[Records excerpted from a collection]
........
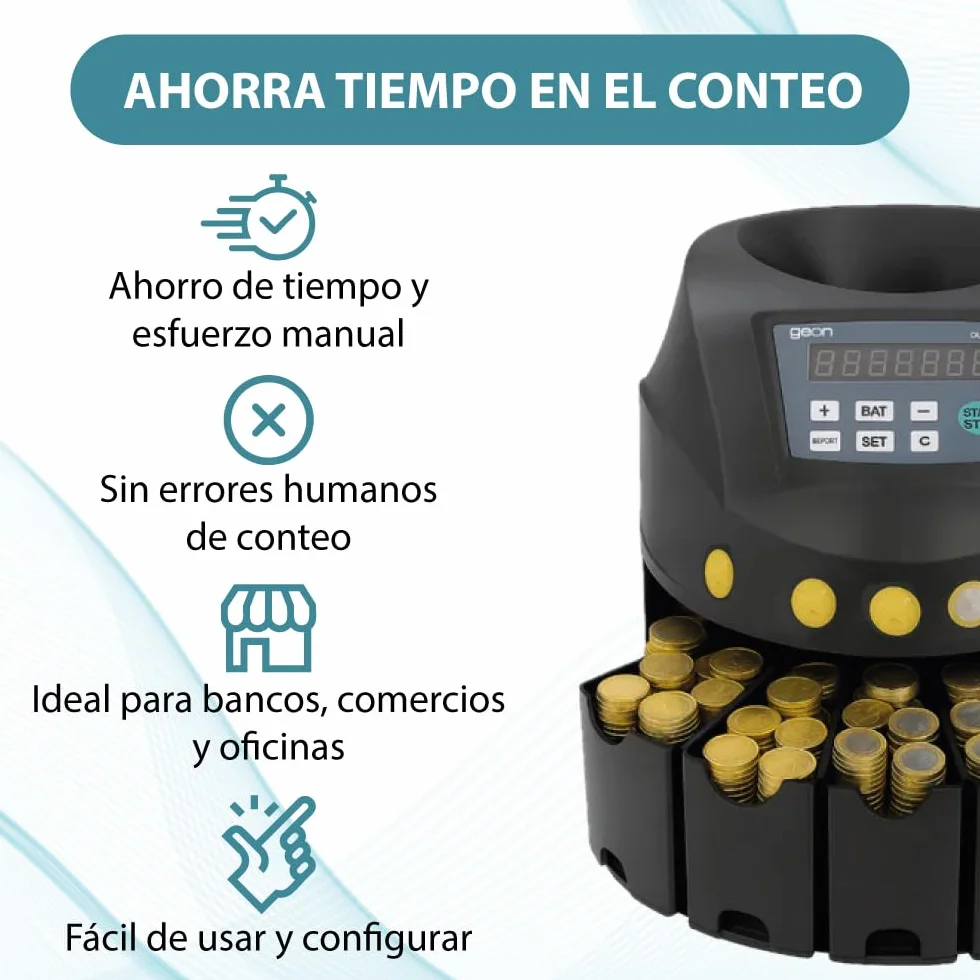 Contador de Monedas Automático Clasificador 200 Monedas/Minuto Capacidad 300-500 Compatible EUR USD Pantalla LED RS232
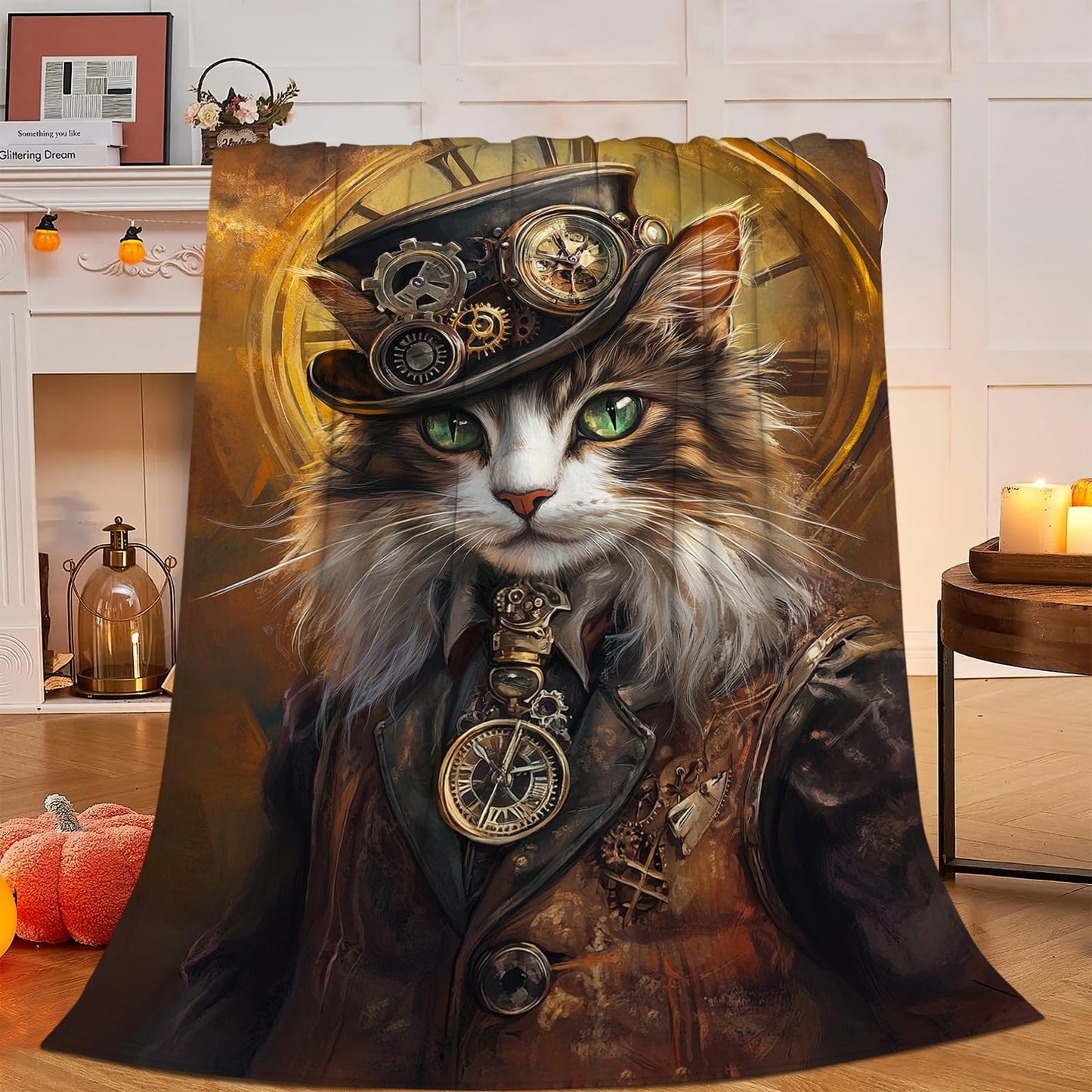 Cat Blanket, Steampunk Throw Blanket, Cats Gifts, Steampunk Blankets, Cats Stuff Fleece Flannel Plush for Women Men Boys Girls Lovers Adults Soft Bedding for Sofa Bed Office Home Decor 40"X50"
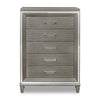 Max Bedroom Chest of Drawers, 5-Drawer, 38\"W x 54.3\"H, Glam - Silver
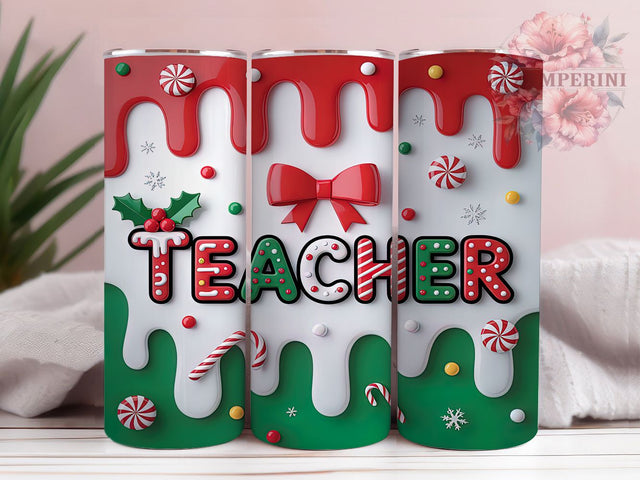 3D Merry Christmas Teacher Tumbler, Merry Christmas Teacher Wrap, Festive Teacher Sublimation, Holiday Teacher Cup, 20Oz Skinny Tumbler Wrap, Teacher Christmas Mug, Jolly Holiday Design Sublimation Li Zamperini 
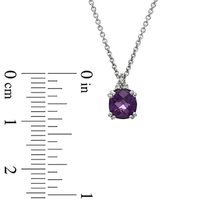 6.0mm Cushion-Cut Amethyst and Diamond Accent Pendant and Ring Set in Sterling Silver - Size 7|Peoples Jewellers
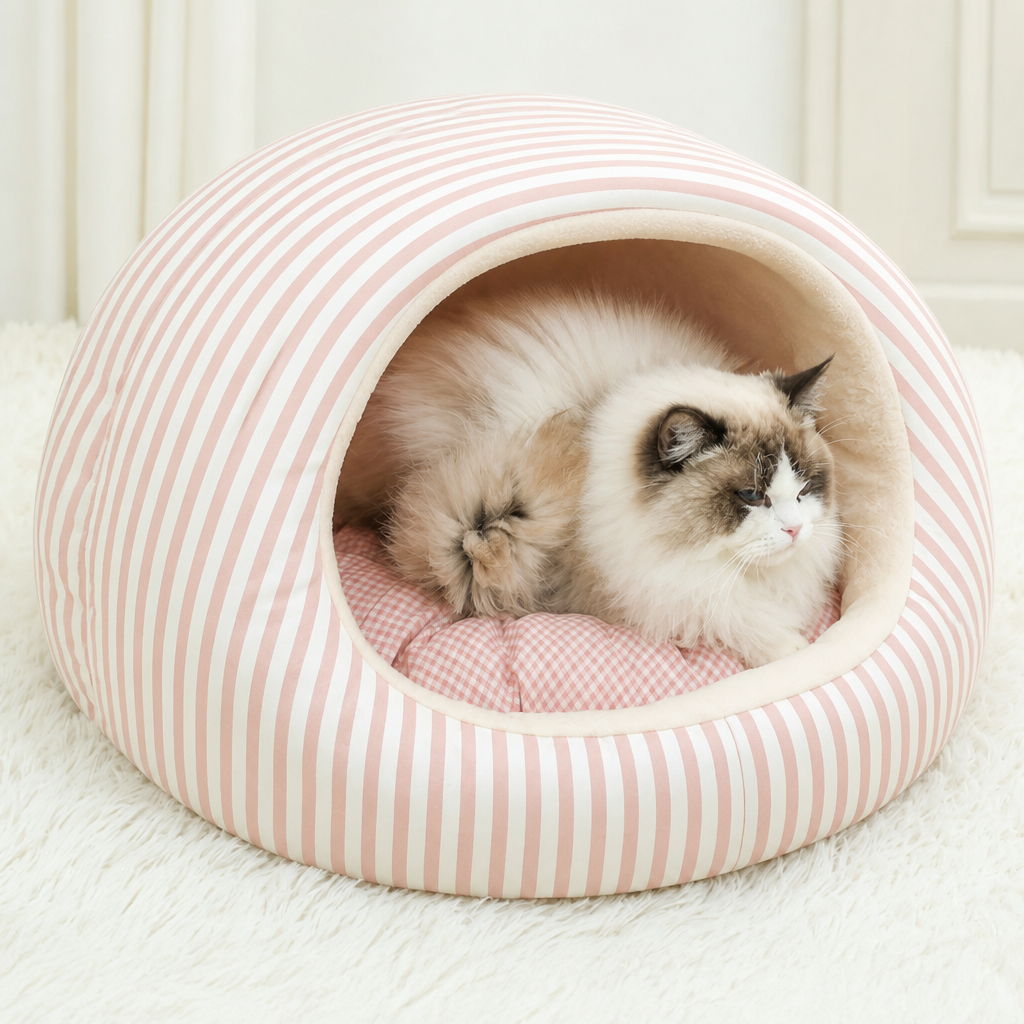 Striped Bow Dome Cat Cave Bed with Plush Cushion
........
#### Assignment
Without the pictures, return the records above exactly as given.

#### Solution for this exercise
 Contador de Monedas Automático Clasificador 200 Monedas/Minuto Capacidad 300-500 Compatible EUR USD Pantalla LED RS232
 Cat Blanket, Steampunk Throw Blanket, Cats Gifts, Steampunk Blankets, Cats Stuff Fleece Flannel Plush for Women Men Boys Girls Lovers Adults Soft Bedding for Sofa Bed Office Home Decor 40"X50"
 Max Bedroom Chest of Drawers, 5-Drawer, 38\"W x 54.3\"H, Glam - Silver
 3D Merry Christmas Teacher Tumbler, Merry Christmas Teacher Wrap, Festive Teacher Sublimation, Holiday Teacher Cup, 20Oz Skinny Tumbler Wrap, Teacher Christmas Mug, Jolly Holiday Design Sublimation Li Zamperini 
 6.0mm Cushion-Cut Amethyst and Diamond Accent Pendant and Ring Set in Sterling Silver - Size 7|Peoples Jewellers
 Striped Bow Dome Cat Cave Bed with Plush Cushion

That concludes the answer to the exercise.